Thank you for convening this timely and important debate. It is most suitable that we address this issue under your chairmanship, given your country’s remarkable transition from post-conflict to a stable democracy.
I also thank the Secretary-General for his important statement.
I wish to extend a most cordial welcome to Mr. José Luís Guterres, Vice-Prime Minister of Timor-Leste, a country which is also a paradigm of today’s subject, and a success in the UN’s peacebuilding efforts.
Today, less than 8 years after its independence, Timor-Leste is a democracy with stable institutions, looking confidently to the future. This is due to the success of the peacebuilding efforts carried out in Timor Leste with institution building at its centre. But it is mainly due to the will of the Timorese and the vision of its political leaders, of national ownership and leadership.

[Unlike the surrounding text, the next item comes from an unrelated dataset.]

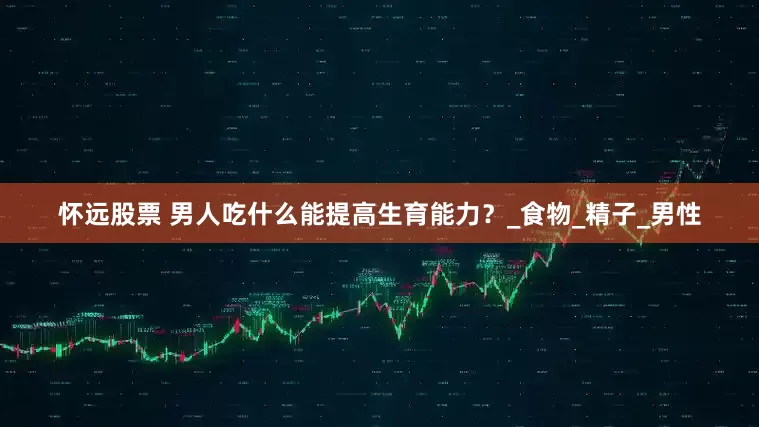 怀远股票 男人吃什么能提高生育能力？_食物_精子_男性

Portugal is honoured, alongside the other members of the Portuguese Speaking Community, to be deeply associated with the successful path Timor-Leste has followed.
In the early stages of the UN reform process, Mozambique and Portugal jointly proposed the creation of a framework within the UN system that would help to bridge the gap between the needs of security and the needs to rebuild stable institutions that would allow Governments in post conflict situations to pursue effectively their main tasks, without which stability would be illusive and relapse into conflict a serious possibility.
This proposal became in time the Peacebuilding Commission, which has been chaired by our colleague Peter Wittig, whom I congratulate for his commitment and leadership. I must say I share his analysis and suggestions, concerning enhancing the role of the PBC.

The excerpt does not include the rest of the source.